Have you ever gone into your drawer and had to search through multiple pairs of black yoga pants to find that ONE pair you really love? I counted recently, and I have 11 pairs of them. ELEVEN! Despite having so many of one type of clothing in my wardrobe, I used to search for deals on black yoga pants every time I went shopping. Until I took a true inventory of what I owned, I just fell back into my regular shopping habits and searched for a deal on what was familiar. I have a feeling you do this too. What items in your closet do you have multiples of? Do you have a dozen pairs of jeans? Several pairs of the same type of running shorts? Twenty t-shirts of the same style?
How about in your pantry or refrigerator? How many bottles of ranch or Italian dressing do you have? How many jars of peanut butter or bags of flour or types of half-eaten cereal? These are items found in most households, and because they’re the “common” items, we often buy more and more of them when we mindlessly shop and fall into routine habits.
Taking inventory is your first line of defense against unintentional spending. Awareness helps you spend less and therefore, save more. After all, even if you find black yoga pants for 50% off or buy another bottle of ranch because there was a $1 off coupon, you’re still spending money on something you don’t currently need.
So, the next time you’re making your grocery list, peek into your pantry and your fridge and take count or better yet, take a picture.
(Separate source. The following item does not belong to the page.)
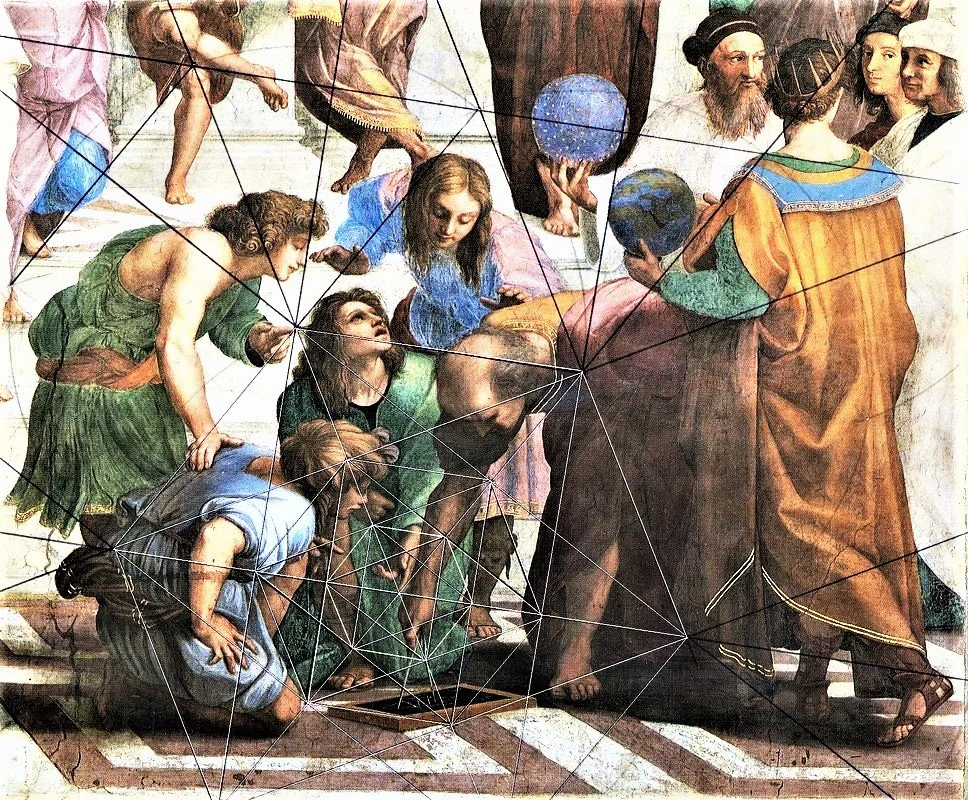 A classical painting depicting a religious scene with multiple figures, some holding globes representing celestial bodies, engaging in conversation or observation.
Not only will this keep you from adding something to the list that you don’t need, it will prevent you from mindlessly or impulsively buying yet another bottle of ketchup or frozen bag of peas.
Before your best friend and you embark on your next shopping day together, take a count, make a mental note, or snap a picture of your drawer full of jeans, your shelves full of shoes, your rack of dresses and skirts, and your pile of soft graphic tees. Being aware of what you already have will give you that resolve to say “no” when your friend is telling you how stinking cute you look in that #MomLife t-shirt.
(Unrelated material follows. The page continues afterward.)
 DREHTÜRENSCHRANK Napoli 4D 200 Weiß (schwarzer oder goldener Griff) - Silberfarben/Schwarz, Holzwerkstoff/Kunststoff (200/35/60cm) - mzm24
A few other categories to take inventory of prior to launching into your weekly errands include:
– Beauty items, such as makeup or hair accessories and products
– Personal care items, including soap, body wash, razors, lotions, and toothpaste
– Towels … oh my gosh, the towels! I cannot even tell you how many times I’ve found amazing deals on soft, luscious, colorful towels at Target and convinced myself that we just did not have enough nice towels in our house. Now that I’m taking inventory, I’m blown away by how many drawers, cabinets, and closets in my house are packed full of every type of towel imaginable.
– Laundry and dishwasher detergents … there are almost always coupons available at the grocery store for these items, convincing you that you should buy more, but remember what I just said. There are ALMOST ALWAYS coupons available when you do actually need to replenish those products.
– Toys! Take a picture of your playroom or your child’s bedroom at its worst and have it handy for when you’re tempted to buy that “must-have” toy that was just marked down.
With all of this being said, I don’t want to discourage you from taking advantage of a great sale or huge discount. As a self-proclaimed frugal shopper, I understand that there are some deals that just cannot be passed up. I completely agree that occasionally, it makes perfect sense to stock up on something if you find an incredible deal and know you’ll be using that item often or that it will get eaten within the next month or two. For example, recently my grocery store was running a 20% discount on organic food items. This included the 24 pack of organic applesauce that my kids love. I already had a stash in my pantry, but because my younger kids each go through 2-3 applesauce pouches per day, I bought all the boxes left on the grocery store shelf. Those boxes full of addictive pouches of puréed fruit are taking up a lot of space on my pantry floor, but when I’m ready to go to the grocery store again, I’ll have a mental image of them being in stock at my house, saving me $12 of mindless grab-and-go shopping next time around.
I hope taking inventory of what’s on your shelves keeps you on the right path of your savings journey. You will likely recognize that you have far more than you truly need, and this awareness will prevent you not only from throwing away extra cash but also save you from being nominated for the next episode of “Hoarders”. Happy Saving!